ASCII.jp / 2024年7月18日 9時0分

 キヤノンは7月17日、プロフェッショナル向けのフラッグシップミラーレスカメラ「EOS R1」と、高画素モデル「EOS R5 MarkⅡ」を発表した。ともに、新開発の「Accelerated Capture」の搭載により、高度な撮影能力を実現している。

 価格はオープンで、R1ボディの直販価格(キヤノンオンラインショップの予価)は108万9000円で11月発売、R5 MarkⅡは65万4500円で8月下旬発売の予定だ。

 2機種はターゲットユーザーもボディサイズも異なる。R1はもちろん、フラッグシップならではの高速性能と信頼性で大型、R5 MarkⅡは高解像度の写真とともに8K動画も撮れるのにコンパクトだ。ところが、この2モデルは共通の新技術を搭載した「兄弟カメラ」なのである。

 両機種の実機に触ることができたので、共通機能を中心に解説していこう。

11月と8月発売だが、予約は同時に始まる。

★基本性能★ R1・R5 MarkⅡともに 「Accelerated Capture」でカメラ全体を高速化 手ブレ補正も最強化

 撮像素子はともに新開発の「フルサイズ・裏面照射・積層型CMOSセンサー」で、画素数はR1が2420万画素、R5 MarkⅡが4500万画素だ。ともにデュアルピクセルCMOS-AFで、高速読み出しと低ノイズによる高画質化を両立している。

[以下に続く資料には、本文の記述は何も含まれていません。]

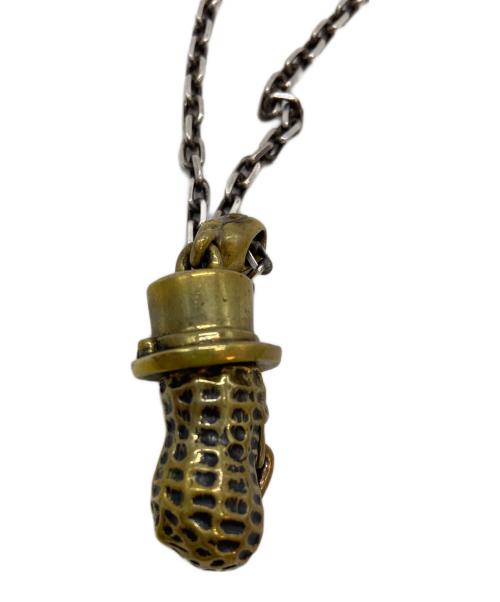 PEANUTS&CO（ピーナッツアンドカンパニー）Peanuts＆Co (ピーナッツアンドカンパニー) ネックレス ゴールドの古着・服飾アイテム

 新たに搭載した映像エンジン「DIGIC Accelerator」は、映像エンジン「DIGIC X」とCMOSの間で処理を行うもので、大量データをセンサーから読み出し、AE・AF検出などの解析処理を瞬時に行う。

 「新CMOS」と「DIGIC Accelerator」と「DIGIC X」の組み合わが「Accelerated Capture」だ。高速キャプチャ、高速解析、高速AF、高速連続撮影、ローリングシャッター歪みの低減を実現している。

性格の異なる2機種だが、エンジンは同じだ
R5 MarkⅡのメイン基板、中央の黒い長方形のチップがDIGIC Accelerator で、その右の銀の正方形がDIGIC Xだ。

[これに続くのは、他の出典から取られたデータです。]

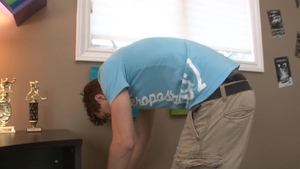 Next Door Twink: A Messy Affair in Tommy's Domain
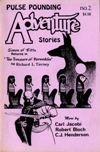 Pulse Pounding Adventure Stories, December 1987
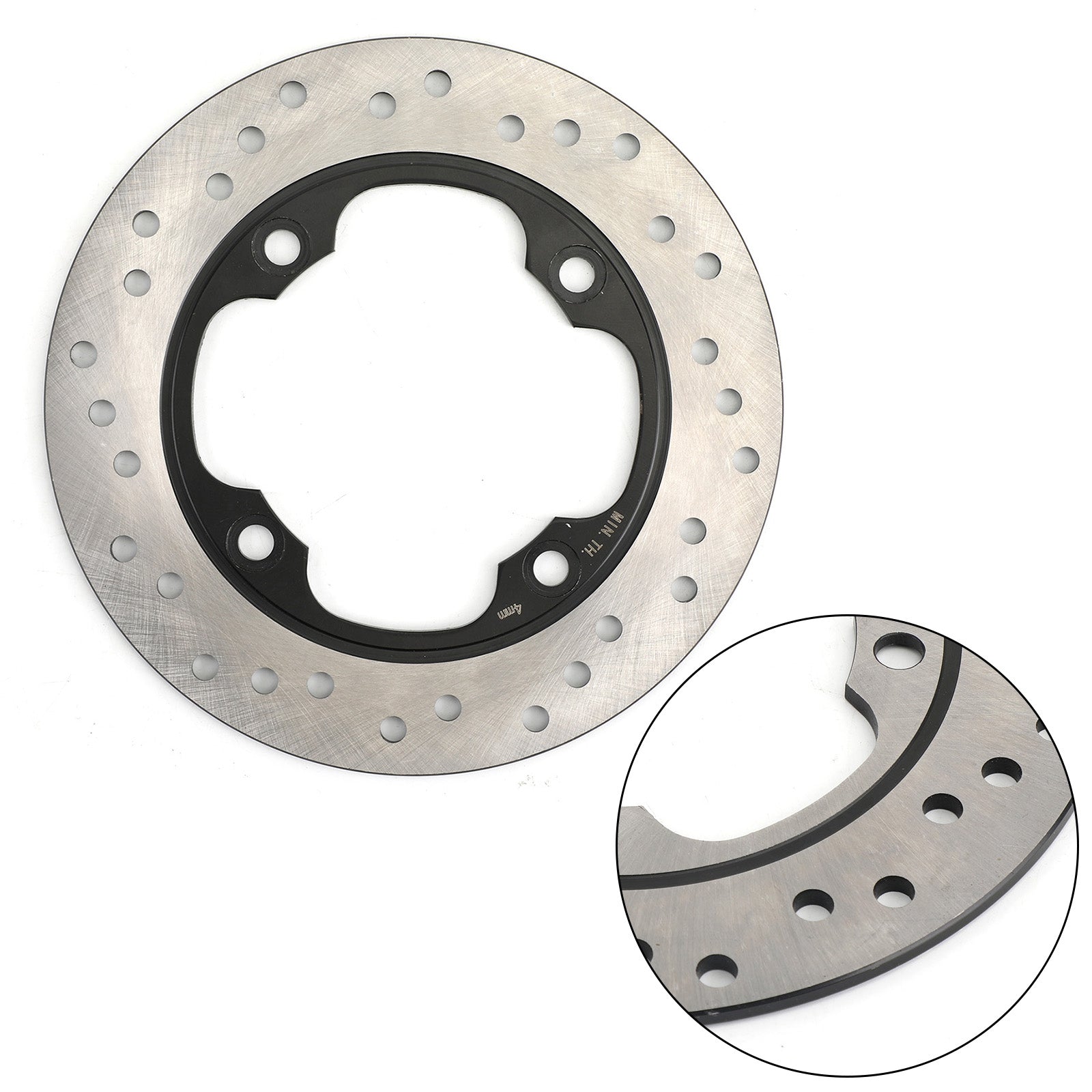 Zadnji zavorni disk Rotor za Triumph TT 600 Daytona 595 600 675 955i 96-12 T2025200 Generic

 高速読み出しにより、電子シャッターでのローリングシャッター歪みの低減を実現しており、R1では「EOS-1D MarkⅢ」のメカシャッターと同等レベル、R5 MarkⅡでは「R5」の歪み量の40%に軽減している。

 両機種ともに、進化したボディー内5軸手ブレ補正機構を搭載。また、レンズ内光学式手ブレ補正機構を搭載したRFレンズでは協調制御にも対応し、中心最大8.5段・周辺最大7.5段の手ブレ補正効果を発揮する。さらに、広角特有の画面周辺でのブレを抑制する周辺協調制御も搭載する。

手ブレ補正の向上にも、センサーの信号処理を行う「DIGIC Accelerator」のパワーが寄与している。

 R1では輝度モアレや偽色を抑制しつつ、通常のローパスフィルターと比べて解像感が向上するように16点分離のGD(Gaussian Distribution)ローパスフィルターを搭載している。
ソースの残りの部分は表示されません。